Andrew Goodliffe, B. Taylor, F. Martinez and R. N. Hey (SOEST, University of Hawaii, 2525 Correa Road, Honolulu, HI, 96822; andrew@mano.soest.hawaii.edu)
The Woodlark Basin is actively propagating westwards into the continental crust of the Papuan Peninsula by rifting and seafloor spreading. Magnetic, gravity, multichannel seismic and HAWAII MR1 bathymetry and sidescan data have been used to derive the evolution of this ocean basin.
Initial rifting is accomplished by extension along low angle detachment faults, giving a strong sense of asymmetry to the youngest parts of the basin. This form of extension gives rise to magnetization contrasts within continental crust between hanging wall rocks and the exhumed footwall rocks as they cool below the Curie point.
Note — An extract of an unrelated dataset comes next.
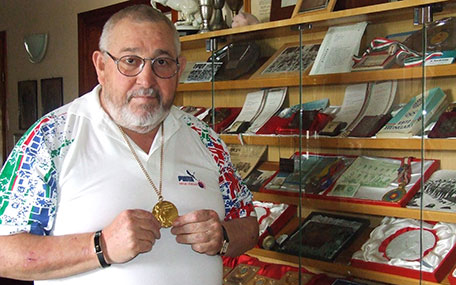 Elhunyt Konrád Ferenc olimpiai bajnok vízilabdázó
The most recently formed spreading segments nucleated in areas of large crustal extension. West of 153E the extension is shared between the margins and the spreading segments, as evidenced by numerous margin earthquakes with normal fault plane solutions. Between 152.5E and 154E the spreading center is growing by ridge propagation events as evidenced by seafloor fabric and numerous continental slivers that have been rifted from the margins. Moresby Transform has formed at 154.2E, offsetting by 50 km the two easternmost spreading segments in the survey area.
Within the last 0.78 Ma there has been a change in the orientation of the spreading segments east of 153E, resulting in transtension along Moresby Transform and the propagation of the spreading center at 153E into the southern continental margin. The difference in orientation between the spreading segments either side of 153E can be partly attributed to distributed deformation.